- [PROBLEM TO WORK ON]: From the entries below, output the line with "It was raining" and each following line up to and including the line with "街头松塔雕塑厂家 大型别墅区摆件 镜面不锈钢松塔雕塑定做 街头松塔雕塑厂家", exactly as written.
===== INFORMATION GIVEN =====
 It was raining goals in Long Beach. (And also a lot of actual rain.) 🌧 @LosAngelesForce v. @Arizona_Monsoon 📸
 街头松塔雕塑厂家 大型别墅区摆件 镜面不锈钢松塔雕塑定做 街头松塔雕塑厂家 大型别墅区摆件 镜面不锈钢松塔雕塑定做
=====
===== INFORMATION GIVEN =====
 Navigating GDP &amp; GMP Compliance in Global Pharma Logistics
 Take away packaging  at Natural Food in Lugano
=====
- [OUTPUT BELOW]:
 It was raining goals in Long Beach. (And also a lot of actual rain.) 🌧 @LosAngelesForce v. @Arizona_Monsoon 📸
 街头松塔雕塑厂家 大型别墅区摆件 镜面不锈钢松塔雕塑定做 街头松塔雕塑厂家 大型别墅区摆件 镜面不锈钢松塔雕塑定做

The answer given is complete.